Because temporary storage can use records larger than the control interval size, the size of the control intervals is not a major concern, but there is a performance overhead in using temporary storage records that are larger than the CI size.
The parameter, CONTROLINTERVALSIZE, of the VSAM CLUSTER definition is specified when you allocate your data sets.
The control interval size should be large enough to hold at least one (rounded up) temporary storage record, including 64 bytes of VSAM control information for control interval sizes less than, or equal to, 16 384, or 128 bytes of control information for larger control interval sizes. For further information about the effect of the control interval size for CICS temporary storage, see the CICS System Definition Guide.
Temporary storage items can be stored either in main storage or in auxiliary storage on DASD. Main-only support can be forced by specifying TS=(,0) (zero temporary storage buffers) in the SIT.
A choice of MAIN or AUXILIARY is available for the application programmer in the WRITEQ TS command for each queue. See the CICS Application Programming Reference manual for programming information about the WRITEQ command.
The CICS temporary storage statistics show records used in main and auxiliary temporary storage. These statistics also give buffer and string information and data on I/O activity. RMF™ or the VSAM catalog gives additional information on data set performance.
If recovery is used for auxiliary temporary storage, PREFIX (called QUEUE name by the application programmer) is enqueued for DELETEQ TS and WRITEQ TS requests but not READQ TS. In a high-activity system, PREFIX should be monitored to ensure that a given PREFIX identifier is not a resource that is constraining your transaction throughput.
You should monitor the following:
Temporary storage requests on a cold-started or initial-started system (that is with no existing auxiliary data) are allocated from the start of DFHTEMP (the temporary storage data set used for storing auxiliary data). They are processed by the CICS temporary storage domain. The first control interval within DFHTEMP is used until a WRITEQ is issued that is too long to fit into the remaining space. Temporary storage processing then switches to use control interval two, and so on. This process continues until all of the control intervals in DFHTEMP have data written to them.
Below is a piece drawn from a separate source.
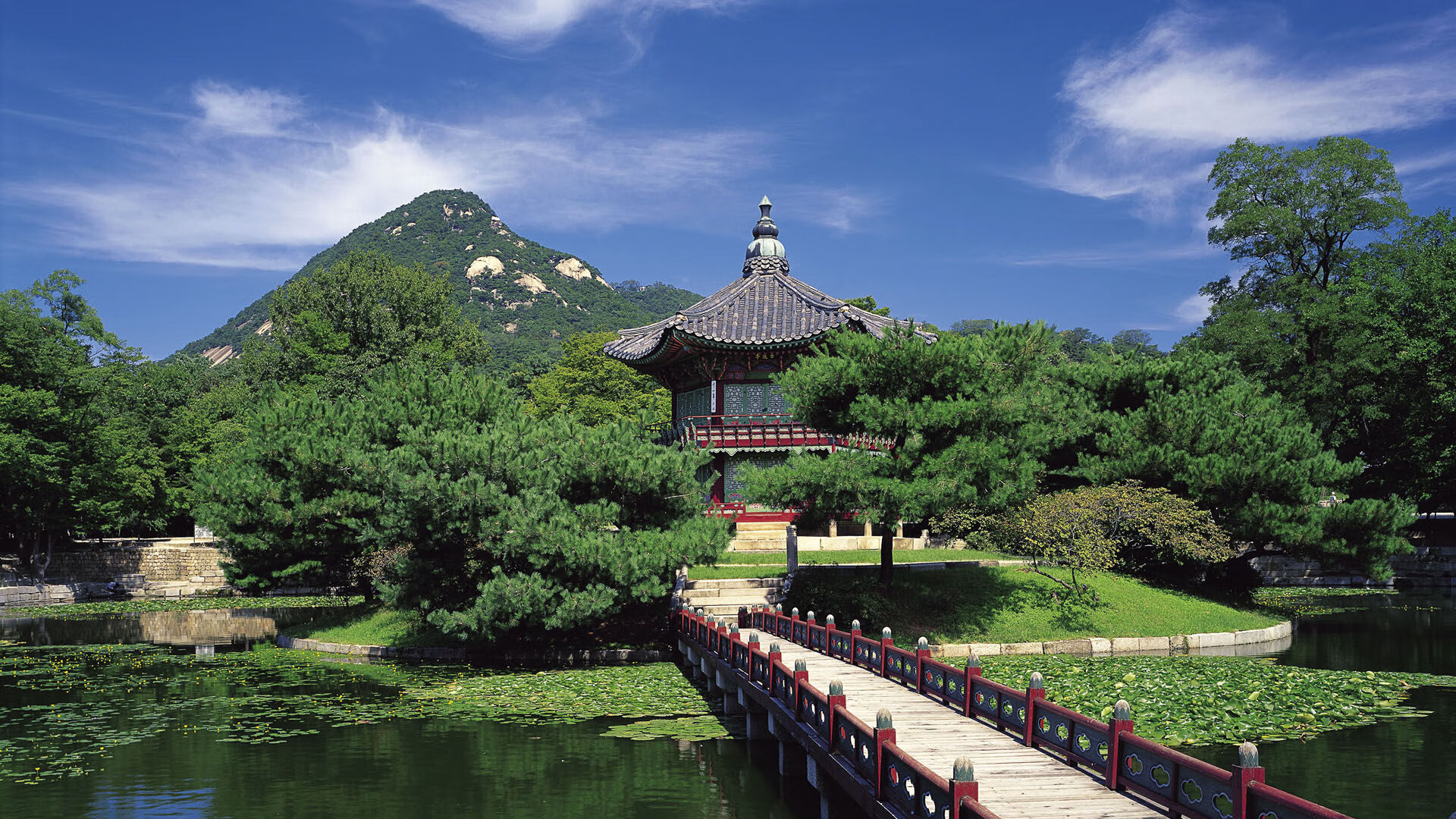 CBA联盟借助科技提升比赛公平性和透明度,cba联赛竞赛方案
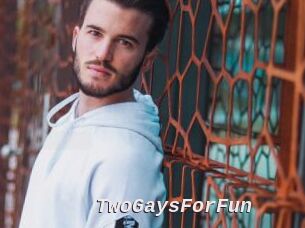 TwoGaysForFun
WRITEQ requests after this point are directed back to the start of the data set. Temporary storage processing maintains a bytemap representing the free space available within each control interval in the data set at any time. Temporary storage processing now starts interrogating the bytemap to find a control interval that can accommodate new data at, or near to, the start of DFHTEMP. The reasoning behind this is that by now, queues written earlier could have been deleted. Such deleted data remains in control intervals but is no longer required. If the bytemap shows that a control interval contains enough space, temporary storage processing reads it into a temporary storage buffer, compresses it to move all valid records to the start of the control interval, and uses the remaining contiguous space to store the data from the new request.
In earlier versions of CICS (CICS/ESA 4.1 and earlier), temporary storage processing reserved a proportion of the control intervals in DFHTEMP to facilitate spanned record processing. Large records, that needed to be spanned across more than one control interval, generated special header records used to reference the spanned data, and these special header records required a whole control interval. To reserve space for the special header records, when 75% of the control intervals in DFHTEMP had data written to them, temporary storage processing left the remaining control intervals empty and began to reuse space from the start of the data set. This was known as the "75% rule". In CICS Transaction Server, special header records are no longer required for such large records, so temporary storage processing writes to all the control intervals in DFHTEMP before it attempts to reuse space. If all the control intervals in DFHTEMP have been used and an empty control interval is required, it can be taken from secondary extent storage defined for the data set.